Types-as-sets a bit too naive

It is a bit too naive to expect to give easily a semantics of types as set of terms and contexts operating on them. It can be done for some sufficiently well-behaved languages, but you will have/need some additional structure. For example, the set of contexts that could be denoted by K(T) for some T needs to be closed over some reasonable operations (of compositional construction of contexts from other contexts). For example if you have tuples/products in your language and K1, K2 are contexts, (\x -> (K1[x],K2[x])) also is a context. If you want a "set of contexts" to represent the "contexts at type T", it must be closed by this product operation.

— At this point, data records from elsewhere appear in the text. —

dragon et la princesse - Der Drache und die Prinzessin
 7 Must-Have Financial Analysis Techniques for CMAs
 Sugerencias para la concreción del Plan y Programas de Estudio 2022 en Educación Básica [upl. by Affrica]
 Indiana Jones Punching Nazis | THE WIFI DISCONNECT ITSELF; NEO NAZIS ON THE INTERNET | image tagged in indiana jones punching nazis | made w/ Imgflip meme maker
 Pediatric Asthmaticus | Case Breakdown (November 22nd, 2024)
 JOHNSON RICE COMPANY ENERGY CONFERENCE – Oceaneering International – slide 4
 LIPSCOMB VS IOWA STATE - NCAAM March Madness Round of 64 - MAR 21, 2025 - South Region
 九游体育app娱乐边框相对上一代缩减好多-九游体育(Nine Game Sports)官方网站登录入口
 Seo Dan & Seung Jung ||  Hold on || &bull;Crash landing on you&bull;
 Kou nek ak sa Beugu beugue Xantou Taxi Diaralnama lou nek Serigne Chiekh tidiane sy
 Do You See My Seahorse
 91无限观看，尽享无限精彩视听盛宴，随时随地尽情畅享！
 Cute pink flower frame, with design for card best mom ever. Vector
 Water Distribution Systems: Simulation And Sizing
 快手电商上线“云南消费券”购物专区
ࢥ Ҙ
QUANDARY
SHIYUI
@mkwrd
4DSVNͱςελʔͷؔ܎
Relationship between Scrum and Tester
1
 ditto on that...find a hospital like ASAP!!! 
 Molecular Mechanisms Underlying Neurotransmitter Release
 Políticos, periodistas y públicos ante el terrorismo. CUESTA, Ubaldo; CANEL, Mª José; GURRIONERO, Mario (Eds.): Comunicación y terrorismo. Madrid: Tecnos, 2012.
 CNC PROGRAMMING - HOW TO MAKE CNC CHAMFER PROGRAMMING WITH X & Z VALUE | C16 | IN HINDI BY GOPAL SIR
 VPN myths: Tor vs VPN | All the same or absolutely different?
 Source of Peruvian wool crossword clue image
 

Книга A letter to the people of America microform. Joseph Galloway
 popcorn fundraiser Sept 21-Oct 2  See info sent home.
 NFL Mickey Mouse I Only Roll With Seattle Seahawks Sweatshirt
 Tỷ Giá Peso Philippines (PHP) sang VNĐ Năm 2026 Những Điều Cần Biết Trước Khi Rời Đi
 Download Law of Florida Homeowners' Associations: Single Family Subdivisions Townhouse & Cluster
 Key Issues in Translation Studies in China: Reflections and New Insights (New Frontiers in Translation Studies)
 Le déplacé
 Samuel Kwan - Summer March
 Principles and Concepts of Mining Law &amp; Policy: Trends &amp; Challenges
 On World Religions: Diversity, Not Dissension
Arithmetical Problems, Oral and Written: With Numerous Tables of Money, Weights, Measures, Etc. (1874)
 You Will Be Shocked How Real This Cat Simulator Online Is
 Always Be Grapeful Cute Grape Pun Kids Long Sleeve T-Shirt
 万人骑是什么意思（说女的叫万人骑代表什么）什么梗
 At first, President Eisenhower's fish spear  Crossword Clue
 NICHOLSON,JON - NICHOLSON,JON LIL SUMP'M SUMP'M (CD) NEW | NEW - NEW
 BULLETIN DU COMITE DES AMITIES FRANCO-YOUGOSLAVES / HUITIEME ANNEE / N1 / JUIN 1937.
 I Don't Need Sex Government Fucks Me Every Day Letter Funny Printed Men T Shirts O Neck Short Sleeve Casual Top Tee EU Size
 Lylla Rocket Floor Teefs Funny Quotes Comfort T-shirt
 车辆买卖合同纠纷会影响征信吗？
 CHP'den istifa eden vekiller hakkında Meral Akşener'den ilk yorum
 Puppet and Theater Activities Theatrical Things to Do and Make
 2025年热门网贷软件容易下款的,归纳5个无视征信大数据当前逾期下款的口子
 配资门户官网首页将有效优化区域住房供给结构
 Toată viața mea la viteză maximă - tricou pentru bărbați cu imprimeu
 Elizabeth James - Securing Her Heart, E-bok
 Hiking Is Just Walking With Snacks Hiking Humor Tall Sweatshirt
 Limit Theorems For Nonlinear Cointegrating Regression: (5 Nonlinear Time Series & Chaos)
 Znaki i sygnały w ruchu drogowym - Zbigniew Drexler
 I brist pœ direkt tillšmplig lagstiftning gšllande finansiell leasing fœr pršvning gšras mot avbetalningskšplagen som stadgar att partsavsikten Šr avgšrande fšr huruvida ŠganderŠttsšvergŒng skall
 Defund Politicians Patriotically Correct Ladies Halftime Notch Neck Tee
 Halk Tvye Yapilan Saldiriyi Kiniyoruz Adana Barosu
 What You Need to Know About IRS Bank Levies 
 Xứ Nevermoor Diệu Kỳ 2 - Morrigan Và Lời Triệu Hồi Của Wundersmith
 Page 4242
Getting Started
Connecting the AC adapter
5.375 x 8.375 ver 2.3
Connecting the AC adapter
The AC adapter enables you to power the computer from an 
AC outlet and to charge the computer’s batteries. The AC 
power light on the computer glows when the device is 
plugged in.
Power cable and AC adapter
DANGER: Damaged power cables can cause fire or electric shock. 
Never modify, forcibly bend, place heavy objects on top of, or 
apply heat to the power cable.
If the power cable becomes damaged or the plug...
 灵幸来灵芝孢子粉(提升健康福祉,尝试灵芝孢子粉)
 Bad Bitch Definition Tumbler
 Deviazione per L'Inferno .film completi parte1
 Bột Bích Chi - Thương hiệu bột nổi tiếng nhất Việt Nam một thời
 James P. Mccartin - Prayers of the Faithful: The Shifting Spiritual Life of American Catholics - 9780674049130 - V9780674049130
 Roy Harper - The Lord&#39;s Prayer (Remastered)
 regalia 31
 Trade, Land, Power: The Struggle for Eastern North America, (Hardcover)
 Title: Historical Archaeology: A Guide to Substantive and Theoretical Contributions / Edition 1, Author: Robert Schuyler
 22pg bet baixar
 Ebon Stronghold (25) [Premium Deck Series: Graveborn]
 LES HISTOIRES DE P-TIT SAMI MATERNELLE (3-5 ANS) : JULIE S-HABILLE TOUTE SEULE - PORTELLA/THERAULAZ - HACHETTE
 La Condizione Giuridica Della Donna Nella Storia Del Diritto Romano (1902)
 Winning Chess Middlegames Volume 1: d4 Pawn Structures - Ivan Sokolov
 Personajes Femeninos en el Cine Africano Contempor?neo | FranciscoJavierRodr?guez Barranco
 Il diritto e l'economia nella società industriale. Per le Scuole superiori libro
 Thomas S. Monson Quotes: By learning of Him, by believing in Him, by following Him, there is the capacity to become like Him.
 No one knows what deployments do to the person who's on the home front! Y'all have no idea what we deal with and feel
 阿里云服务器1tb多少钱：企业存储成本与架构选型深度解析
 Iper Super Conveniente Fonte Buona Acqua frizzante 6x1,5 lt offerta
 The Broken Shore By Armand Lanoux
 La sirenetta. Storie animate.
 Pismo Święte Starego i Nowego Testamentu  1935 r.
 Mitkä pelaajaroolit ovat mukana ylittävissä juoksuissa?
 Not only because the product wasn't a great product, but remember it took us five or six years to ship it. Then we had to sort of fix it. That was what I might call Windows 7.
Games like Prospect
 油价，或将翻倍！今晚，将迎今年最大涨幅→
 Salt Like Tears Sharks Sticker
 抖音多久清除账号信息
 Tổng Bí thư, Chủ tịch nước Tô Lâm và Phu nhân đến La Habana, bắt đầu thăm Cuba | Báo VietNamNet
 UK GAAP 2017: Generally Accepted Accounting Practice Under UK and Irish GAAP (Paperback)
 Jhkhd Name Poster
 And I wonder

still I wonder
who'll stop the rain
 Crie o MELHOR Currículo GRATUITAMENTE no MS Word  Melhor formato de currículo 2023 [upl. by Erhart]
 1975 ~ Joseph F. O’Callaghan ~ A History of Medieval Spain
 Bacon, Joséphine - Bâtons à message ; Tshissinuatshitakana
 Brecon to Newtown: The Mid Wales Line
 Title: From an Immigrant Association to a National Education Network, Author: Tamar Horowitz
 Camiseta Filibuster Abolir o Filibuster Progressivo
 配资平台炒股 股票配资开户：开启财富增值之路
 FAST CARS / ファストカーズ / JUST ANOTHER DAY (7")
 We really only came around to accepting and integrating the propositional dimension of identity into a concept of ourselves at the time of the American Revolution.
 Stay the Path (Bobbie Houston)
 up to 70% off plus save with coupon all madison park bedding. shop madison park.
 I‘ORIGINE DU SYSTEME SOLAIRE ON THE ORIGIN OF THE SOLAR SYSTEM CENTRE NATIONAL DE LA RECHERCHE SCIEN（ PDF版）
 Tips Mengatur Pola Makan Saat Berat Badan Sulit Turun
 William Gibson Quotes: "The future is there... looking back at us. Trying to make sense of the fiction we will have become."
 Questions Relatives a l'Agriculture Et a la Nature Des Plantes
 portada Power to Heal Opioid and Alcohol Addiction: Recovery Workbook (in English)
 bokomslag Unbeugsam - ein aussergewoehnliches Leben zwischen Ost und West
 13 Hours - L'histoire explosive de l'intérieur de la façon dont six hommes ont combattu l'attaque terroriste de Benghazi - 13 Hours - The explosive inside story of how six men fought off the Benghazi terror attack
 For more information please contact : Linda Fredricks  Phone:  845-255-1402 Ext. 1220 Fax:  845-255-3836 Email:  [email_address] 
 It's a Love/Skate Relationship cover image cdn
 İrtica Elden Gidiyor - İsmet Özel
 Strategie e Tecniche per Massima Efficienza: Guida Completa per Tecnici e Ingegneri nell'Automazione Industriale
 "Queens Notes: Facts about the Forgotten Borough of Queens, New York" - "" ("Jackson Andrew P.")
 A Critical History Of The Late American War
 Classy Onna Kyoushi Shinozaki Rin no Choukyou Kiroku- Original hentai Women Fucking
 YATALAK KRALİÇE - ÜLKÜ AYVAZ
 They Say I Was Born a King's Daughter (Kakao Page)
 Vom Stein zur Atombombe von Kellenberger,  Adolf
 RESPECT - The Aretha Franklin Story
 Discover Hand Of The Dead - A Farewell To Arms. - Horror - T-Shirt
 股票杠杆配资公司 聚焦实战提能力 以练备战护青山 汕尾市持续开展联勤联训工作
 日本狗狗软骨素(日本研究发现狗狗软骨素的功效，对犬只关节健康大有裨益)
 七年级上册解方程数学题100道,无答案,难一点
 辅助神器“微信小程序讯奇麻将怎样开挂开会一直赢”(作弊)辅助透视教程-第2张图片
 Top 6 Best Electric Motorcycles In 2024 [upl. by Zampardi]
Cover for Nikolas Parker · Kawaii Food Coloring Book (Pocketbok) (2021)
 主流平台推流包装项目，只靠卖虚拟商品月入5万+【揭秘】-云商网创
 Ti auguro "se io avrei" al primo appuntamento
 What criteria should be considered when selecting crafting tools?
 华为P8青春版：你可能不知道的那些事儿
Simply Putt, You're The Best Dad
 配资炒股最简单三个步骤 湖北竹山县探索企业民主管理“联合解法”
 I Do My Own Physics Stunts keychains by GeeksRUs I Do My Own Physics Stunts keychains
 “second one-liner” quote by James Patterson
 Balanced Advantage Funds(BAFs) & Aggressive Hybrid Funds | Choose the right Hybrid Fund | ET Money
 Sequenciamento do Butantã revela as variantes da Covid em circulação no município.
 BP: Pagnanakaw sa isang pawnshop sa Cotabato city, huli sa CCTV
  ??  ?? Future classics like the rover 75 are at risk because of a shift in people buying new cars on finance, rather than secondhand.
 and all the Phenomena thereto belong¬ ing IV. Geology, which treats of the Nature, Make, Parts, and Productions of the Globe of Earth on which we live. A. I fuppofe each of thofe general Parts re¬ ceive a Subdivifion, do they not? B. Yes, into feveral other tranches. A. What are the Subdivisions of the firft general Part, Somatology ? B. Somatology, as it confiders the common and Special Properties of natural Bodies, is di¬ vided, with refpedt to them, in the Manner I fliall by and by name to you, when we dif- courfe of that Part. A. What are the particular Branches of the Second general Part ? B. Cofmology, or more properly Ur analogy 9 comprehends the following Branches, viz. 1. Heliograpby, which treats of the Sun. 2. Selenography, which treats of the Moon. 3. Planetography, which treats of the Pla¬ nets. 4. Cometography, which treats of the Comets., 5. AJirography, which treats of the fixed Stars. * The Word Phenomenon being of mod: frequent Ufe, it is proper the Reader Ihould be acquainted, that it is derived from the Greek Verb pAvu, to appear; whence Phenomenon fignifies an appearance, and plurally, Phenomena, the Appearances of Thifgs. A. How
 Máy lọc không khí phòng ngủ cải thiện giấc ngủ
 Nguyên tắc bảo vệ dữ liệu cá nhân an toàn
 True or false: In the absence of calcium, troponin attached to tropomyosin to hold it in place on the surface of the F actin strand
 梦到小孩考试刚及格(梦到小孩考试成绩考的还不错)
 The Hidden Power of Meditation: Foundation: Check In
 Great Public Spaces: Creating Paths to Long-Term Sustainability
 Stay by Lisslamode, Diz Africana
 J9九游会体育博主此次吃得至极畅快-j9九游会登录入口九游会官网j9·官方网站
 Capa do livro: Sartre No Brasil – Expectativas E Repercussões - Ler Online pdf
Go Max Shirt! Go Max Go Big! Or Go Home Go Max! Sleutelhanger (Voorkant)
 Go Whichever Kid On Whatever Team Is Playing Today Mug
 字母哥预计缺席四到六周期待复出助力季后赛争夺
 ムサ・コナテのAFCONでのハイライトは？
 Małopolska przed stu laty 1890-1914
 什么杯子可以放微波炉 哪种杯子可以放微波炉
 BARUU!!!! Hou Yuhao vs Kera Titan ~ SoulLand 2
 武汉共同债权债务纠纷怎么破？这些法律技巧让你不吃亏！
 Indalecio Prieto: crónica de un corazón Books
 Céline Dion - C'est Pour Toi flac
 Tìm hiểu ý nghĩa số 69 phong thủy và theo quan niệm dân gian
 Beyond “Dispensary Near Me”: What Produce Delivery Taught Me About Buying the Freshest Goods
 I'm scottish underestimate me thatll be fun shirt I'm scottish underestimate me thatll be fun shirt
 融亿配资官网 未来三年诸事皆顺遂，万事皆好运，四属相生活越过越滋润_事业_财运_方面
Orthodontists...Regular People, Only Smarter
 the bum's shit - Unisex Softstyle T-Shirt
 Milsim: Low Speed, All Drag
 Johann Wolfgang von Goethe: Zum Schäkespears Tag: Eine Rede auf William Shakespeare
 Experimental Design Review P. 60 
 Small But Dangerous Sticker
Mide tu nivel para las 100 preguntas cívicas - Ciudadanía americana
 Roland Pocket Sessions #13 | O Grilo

But direct set-theoretic operations such as union will not necessarily preserve closure by those operators. So you don't take the union of those set-of-contexts-at-some-type, and expect to get a set-of-contexts-at-some-type; you take the closure of this union by these operations of interest. And generally this closure coincides with a form of double-negation, so indeed it makes sense to define K(A intersect B) as K(K(K(A) union K(B))) -- which is not too painful with proper notations.

You should look into the literature of realizability, which discusses those things in depth. I don't know what would be a good introductory reference, as most of the material is aimed at logicians rather than programming language people, but with your Curry-Howard glasses on you should be able to make sense of (the beginning of) Specifying Peirce's law in classical realizability, by Mauricio Guillermo and Alexandre Miquel, 2011.

free associations

Jules Jacobs : What should I read to understand this two-sidedness better?

Not sure ... really interesting questions, though. If you're in a mode to gather clues very widely -- then sort wheat from chaff after -- perhaps you won't mind low grade suggestions near lunatic fringe in quality. (Sometimes a lot of hypotheses are better, to avoid being steered by confirmation bias.)

Something about the continuation aspect (some now, some later) makes me think of boundary logic: lookup G. Spencer-Brown, Bricken, Shoup, and Kauffman. Criticisms of Spencer-Brown include 1) sounds like bunk; 2) too abstract to be useful; and 3) but that's equivalent to boolean algebra.

The rest of this is personal anecdote. I never cared for abstract algebra, but around 1981 I started looking for the highest meta level explanations I could find about why things fell into the taxonomic groupings they did. In math that led to category theory, which was really unsatisfying, since it seemed little more than naming broad patterns (probably because I didn't get it). But related to the above, arrows can be about crossing boundaries, since otherwise nothing distinguishes source and destination.

Free associating further, something about distinguishing figure and ground in art might be useful in thinking about duality with a context spin. That's all I have.


First, I would extend Rys' observation about category theory by suggesting that category theory alone is indeed an extremely sparse framework within which to operate. The computational view of category theory that's best known is probably Eugenio Moggi's, and the most-likely-pertinent type-theoretic view is probably Categories for Types. Be warned that the latter is certainly not an introductory text.

To the extent that the duality you observe is reflected in the distinction between Constructive and Classical logic (presence or absence of the Law of the Excluded Middle, double-negation elimination as an axiom, etc.) you might find A Formulae-as-Types Notion of Control interesting. The concrete relevance of this work is reflected in the classical extraction module for Coq, which "enriches the Coq proof assistant (version 8.2 or higher) with a set of commands to extract programs from classical proofs built in the Coq environment," vs. the built-in support for extracting programs from constructive proofs. But here I am making a pretty large set of assumptions about the extent to which the constructive/classical divide is representative of (isomorphic to?) what you mean with respect to the duality you observe.